● Goal of the exercise:
Please return the lines below verbatim, beginning at the one that has "یک کمد بزرگ نو جادارهم بوفه وجاتلویزیونی" and stopping after the one that has "Installing Window Shades tout", and add no other lines.

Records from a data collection

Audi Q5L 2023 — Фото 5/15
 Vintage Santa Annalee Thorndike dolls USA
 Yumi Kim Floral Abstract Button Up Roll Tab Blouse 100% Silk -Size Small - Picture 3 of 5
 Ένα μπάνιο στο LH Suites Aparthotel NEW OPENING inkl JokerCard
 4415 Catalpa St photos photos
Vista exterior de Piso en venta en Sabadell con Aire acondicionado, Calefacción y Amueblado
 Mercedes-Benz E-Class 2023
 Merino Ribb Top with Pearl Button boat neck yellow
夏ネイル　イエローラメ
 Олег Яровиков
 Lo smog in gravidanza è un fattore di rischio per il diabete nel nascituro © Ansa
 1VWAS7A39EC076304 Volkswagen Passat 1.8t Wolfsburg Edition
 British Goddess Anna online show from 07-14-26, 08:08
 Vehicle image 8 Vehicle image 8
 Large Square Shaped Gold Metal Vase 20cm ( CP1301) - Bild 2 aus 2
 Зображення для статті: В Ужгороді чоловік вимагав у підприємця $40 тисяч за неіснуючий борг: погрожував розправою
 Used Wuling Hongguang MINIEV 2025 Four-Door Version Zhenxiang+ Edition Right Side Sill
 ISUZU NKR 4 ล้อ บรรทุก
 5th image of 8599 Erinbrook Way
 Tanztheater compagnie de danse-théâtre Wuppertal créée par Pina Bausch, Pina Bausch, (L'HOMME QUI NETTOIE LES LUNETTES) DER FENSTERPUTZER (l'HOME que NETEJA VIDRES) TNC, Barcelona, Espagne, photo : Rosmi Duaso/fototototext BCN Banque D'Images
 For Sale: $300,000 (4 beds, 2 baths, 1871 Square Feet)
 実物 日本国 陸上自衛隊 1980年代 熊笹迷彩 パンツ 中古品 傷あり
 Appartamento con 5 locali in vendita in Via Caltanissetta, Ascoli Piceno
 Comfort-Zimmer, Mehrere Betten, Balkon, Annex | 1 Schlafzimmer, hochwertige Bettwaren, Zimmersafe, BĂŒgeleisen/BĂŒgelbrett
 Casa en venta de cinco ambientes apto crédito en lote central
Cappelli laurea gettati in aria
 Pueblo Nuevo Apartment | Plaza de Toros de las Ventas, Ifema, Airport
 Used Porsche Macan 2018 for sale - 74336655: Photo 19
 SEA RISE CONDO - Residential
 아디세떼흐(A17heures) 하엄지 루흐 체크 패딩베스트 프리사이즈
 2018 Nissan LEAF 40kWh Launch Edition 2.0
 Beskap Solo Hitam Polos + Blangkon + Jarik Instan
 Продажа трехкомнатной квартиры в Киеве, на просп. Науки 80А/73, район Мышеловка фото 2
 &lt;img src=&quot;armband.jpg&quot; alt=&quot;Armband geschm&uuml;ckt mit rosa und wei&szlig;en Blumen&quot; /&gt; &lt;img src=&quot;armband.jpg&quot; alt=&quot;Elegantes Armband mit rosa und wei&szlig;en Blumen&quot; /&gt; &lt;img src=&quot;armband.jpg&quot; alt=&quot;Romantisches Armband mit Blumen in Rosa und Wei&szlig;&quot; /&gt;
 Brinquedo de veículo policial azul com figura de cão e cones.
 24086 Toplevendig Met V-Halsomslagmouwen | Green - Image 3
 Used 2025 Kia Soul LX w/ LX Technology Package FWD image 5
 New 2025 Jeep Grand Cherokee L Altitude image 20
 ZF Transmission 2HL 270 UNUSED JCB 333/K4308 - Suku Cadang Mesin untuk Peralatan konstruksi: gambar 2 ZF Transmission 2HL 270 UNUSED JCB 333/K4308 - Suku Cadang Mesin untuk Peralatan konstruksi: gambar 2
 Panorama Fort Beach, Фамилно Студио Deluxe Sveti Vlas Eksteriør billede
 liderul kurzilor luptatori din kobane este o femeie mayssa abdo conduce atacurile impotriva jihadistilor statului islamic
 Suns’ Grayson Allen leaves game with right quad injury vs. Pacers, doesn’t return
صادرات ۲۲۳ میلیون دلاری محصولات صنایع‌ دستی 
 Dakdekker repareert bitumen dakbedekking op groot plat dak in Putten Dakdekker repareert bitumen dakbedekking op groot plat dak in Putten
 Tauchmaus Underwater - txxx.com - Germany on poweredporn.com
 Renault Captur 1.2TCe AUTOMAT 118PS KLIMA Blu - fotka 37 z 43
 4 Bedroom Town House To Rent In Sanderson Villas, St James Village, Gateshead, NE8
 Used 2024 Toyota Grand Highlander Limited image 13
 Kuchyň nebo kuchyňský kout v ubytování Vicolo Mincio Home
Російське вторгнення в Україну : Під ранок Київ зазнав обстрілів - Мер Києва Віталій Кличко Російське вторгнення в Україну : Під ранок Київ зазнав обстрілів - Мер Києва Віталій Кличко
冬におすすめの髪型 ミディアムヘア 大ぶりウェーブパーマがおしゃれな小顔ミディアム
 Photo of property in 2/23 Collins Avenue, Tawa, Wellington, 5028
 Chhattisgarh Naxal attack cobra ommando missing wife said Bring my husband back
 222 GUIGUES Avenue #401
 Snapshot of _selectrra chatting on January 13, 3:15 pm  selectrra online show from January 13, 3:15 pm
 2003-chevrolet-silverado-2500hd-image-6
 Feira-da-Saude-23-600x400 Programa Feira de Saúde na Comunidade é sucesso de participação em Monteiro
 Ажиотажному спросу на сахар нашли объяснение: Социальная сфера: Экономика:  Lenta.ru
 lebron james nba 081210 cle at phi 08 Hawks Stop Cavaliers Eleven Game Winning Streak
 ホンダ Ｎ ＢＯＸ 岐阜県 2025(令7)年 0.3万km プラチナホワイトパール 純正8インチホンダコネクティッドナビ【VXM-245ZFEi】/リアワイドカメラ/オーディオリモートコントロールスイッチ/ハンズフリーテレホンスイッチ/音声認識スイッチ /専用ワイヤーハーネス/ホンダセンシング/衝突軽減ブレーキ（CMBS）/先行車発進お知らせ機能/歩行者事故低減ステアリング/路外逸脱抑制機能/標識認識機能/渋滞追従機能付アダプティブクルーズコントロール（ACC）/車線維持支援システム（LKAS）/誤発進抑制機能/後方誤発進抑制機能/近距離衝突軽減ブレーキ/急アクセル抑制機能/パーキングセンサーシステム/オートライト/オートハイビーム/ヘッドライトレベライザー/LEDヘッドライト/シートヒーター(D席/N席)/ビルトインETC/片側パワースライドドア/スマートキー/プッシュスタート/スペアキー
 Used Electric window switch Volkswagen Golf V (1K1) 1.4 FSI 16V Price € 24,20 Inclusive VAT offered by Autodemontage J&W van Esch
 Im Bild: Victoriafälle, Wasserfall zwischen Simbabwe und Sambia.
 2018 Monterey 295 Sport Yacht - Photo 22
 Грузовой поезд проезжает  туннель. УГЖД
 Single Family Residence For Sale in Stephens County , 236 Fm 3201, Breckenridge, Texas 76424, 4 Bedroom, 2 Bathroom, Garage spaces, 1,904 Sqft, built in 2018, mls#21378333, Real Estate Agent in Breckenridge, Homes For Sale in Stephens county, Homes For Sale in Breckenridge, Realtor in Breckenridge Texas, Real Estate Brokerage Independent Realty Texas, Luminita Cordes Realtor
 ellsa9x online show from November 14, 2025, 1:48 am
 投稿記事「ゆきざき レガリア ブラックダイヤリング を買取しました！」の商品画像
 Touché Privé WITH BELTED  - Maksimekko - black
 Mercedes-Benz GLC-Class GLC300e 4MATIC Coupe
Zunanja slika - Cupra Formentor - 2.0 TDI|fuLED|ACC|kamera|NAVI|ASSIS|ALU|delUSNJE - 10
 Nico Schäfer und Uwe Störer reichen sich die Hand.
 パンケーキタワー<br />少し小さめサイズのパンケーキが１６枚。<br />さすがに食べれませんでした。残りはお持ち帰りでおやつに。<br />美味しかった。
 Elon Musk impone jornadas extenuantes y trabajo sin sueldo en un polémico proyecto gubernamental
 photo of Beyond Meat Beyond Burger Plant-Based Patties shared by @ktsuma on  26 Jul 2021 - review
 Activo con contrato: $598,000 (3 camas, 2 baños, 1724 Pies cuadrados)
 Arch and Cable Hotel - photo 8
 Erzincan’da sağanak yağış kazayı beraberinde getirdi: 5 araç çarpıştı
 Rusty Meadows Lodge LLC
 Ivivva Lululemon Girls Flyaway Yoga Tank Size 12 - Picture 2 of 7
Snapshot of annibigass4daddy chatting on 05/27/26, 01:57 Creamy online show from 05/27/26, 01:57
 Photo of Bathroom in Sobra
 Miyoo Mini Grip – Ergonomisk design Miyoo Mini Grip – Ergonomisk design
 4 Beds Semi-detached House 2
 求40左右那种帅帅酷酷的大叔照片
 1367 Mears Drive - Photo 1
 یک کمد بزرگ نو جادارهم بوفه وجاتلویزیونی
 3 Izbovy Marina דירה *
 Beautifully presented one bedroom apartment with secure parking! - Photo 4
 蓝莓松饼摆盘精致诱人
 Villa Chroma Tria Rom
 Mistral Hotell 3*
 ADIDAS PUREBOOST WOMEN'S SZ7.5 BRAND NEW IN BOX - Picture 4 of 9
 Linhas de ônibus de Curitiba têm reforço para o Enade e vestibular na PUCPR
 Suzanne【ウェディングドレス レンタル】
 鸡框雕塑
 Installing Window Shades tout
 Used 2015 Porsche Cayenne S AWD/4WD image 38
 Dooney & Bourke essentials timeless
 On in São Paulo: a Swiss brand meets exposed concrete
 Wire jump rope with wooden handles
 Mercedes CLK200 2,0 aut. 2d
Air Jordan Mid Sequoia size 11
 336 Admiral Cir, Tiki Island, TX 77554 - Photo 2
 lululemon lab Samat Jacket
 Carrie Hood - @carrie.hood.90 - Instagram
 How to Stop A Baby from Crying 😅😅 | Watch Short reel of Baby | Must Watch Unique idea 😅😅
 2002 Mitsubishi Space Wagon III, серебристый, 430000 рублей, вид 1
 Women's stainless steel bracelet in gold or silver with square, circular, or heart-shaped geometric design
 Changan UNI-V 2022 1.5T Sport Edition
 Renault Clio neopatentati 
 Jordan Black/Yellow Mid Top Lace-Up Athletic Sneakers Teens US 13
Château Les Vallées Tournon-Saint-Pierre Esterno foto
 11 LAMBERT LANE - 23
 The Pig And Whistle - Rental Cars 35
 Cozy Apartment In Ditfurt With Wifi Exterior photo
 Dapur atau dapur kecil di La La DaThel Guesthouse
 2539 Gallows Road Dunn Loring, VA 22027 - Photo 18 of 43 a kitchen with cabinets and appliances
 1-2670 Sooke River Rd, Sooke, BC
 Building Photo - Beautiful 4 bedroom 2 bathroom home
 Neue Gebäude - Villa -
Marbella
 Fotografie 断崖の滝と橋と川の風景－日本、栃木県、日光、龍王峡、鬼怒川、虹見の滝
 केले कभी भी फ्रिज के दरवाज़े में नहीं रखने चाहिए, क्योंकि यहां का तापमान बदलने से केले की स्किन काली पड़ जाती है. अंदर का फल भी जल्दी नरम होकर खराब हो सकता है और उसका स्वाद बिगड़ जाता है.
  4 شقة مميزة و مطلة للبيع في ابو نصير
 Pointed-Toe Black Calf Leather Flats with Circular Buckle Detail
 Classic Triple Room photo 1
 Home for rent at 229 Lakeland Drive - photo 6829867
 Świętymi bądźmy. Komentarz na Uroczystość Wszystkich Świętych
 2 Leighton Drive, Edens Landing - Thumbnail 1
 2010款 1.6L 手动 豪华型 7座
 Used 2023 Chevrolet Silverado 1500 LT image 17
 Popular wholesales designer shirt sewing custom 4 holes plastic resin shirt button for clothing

● Expected output:
 یک کمد بزرگ نو جادارهم بوفه وجاتلویزیونی
 3 Izbovy Marina דירה *
 Beautifully presented one bedroom apartment with secure parking! - Photo 4
 蓝莓松饼摆盘精致诱人
 Villa Chroma Tria Rom
 Mistral Hotell 3*
 ADIDAS PUREBOOST WOMEN'S SZ7.5 BRAND NEW IN BOX - Picture 4 of 9
 Linhas de ônibus de Curitiba têm reforço para o Enade e vestibular na PUCPR
 Suzanne【ウェディングドレス レンタル】
 鸡框雕塑
 Installing Window Shades tout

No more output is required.